Data extraction

An important part of this project was data extraction. The Swiss Institute of Snow and Avalanches kept a very good record of all the published avalanche and weather reports. Most of it were shared on paper (pdf or gif) 15 years ago and we decided to extract the information out of it to make our analysis/vizualisation possible. The following article goes through our extraction procedure, you can browse through the results in EXPLORE.

1. Data scraping

Our dataset consists of information retrieved from SLF archives. We asked the managers to access their database but they couldn’t help us. No problem, we scraped hard core for one night.

Several filters were used to select the folders we wished to extract:

language: files are often duplicated for the 4 languages (de, fr, it, en). When it is the case we download only one set in the following order of preference: en, fr, de.

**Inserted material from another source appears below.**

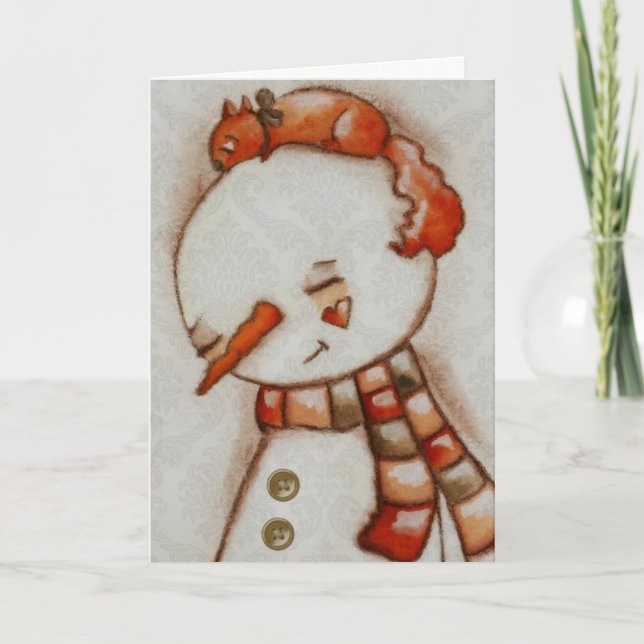 Snögubbe och ekorre - Helgdag-kort Helgkort (Framsida)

German is the default language (always present).
too specific: some files are not interesting for now (too specific or too regional). We don’t download the snow profiles and the regional snow report.
color or black and white: maps are available in color and in black and white. Colors are easier than textures for computer vision algorithms, so we drop the black and white maps.

Now we can use the python script ../tools/download.py to fetch the ~30’000 files in the directory structure.

python3 tools/download.py data/file_to_download. ./data/slf --prefix https://www.slf.ch/fileadmin/user_upload/import/lwdarchiv/public/ --nproc 4

We got approximately 5GB of data that we stored on a S3 bucket s3://ada-avalanches. Let us know if you want to have access. It has the same hierarchy as SLF archives

2. Map extraction

The most challenging part of the data extraction was retrieving the necessary information from images provided by the website SLF archives. Here are some sample maps, we had more than 10’000 of them, so we had to automatize the process ;)

Raw snow map

Raw danger map

We developped a handful of methods to extracts the snow and danger regions from the color maps.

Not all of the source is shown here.